3 reasons you should start with Sinatra

As a junior developer, you pretty much learn Ruby through Rails. It’s the most popular framework, the community is fantastic, and businesses look for experience in it. And I pretty much agree, it’s awesome.

But if I had it to do over again, I would start with Sinatra. And here’s why.

1. It can actually make your code easier to understand

In the beginning, we need all the help we can get. I would often come back to code I had written in Rails after a few weeks and was a bit disoriented. But with Sinatra, your code must be more explicit.

A simple illustration:

# rails
def list_stats(data)
data.descriptive_statistics
end
puts list_stats(Player.weekly_stats).variance.round(2) => 7.72

Where are these methods coming from? And the Player model? Like a lot of things in Rails, it just works…sweet! However, it’s not so easy to understand what’s actually happening.

Now imagine this:

# sinatra
require 'descriptive_statistics'
require 'model/player'
def list_stats(data) 
data.descriptive_statistics
end
puts list_stats(Player.weekly_stats).variance.round(2) => 7.72

Sure, it’s a few extra lines of code, but we’ve removed all doubt on where things are coming from. And if I have any additional questions regarding those methods, I know exactly where to look.

2. It encourages design feedback

Most of us know how to follow a tutorial. For learning some of the more fundamental concepts, it works. But once we start expanding outside of that scope and building our own stuff, we need help writing good, clean code.

As a by-product of having to require our dependencies, as shown above, Sinatra can serve a useful purpose.

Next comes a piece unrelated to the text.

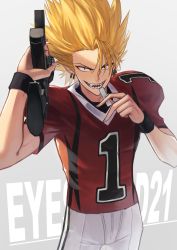 Rule 34 | 1boy, absurdres, american football, american football uniform, assault rifle, asymmetrical bangs, blonde hair, chewing gum, copyright name, cowboy shot, earrings, eyeshield 21, grey background, gun, hara kenshi, highres, hiruma youichi, holding, holding gun, holding weapon, jewelry, looking at viewer, m4 carbine, male focus, open mouth, over shoulder, pants, pointy ears, rifle, sanpaku, sharp teeth, shoulder pads, smile, solo, spiked hair, sportswear, teeth, uniform, weapon, white pants, wristband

If I have a class with too many dependencies, Sinatra is letting us know that it’s taking on too much responsibility. Now I can begin to break up that class rather than adding to it.

3. It’s really all you need…for now

For the most part, we aren’t building large, full-scale applications. Rails is undoubtedly better suited for those kinds of projects. It comes fully loaded, and solves a lot of the common problems you would eventually have to solve yourself with Sinatra.

But for most projects, Sinatra can guide you through what some of those common problems are without sacrificing much time. It’s not going to do everything for you. But I think that’s the point.

Sinatra is an opportunity to remove the magic Rails provides, without feeling lost. You can dig under the hood, without being overwhelmed.

And eventually, you’ll realize there wasn’t that much to be afraid of to begin with.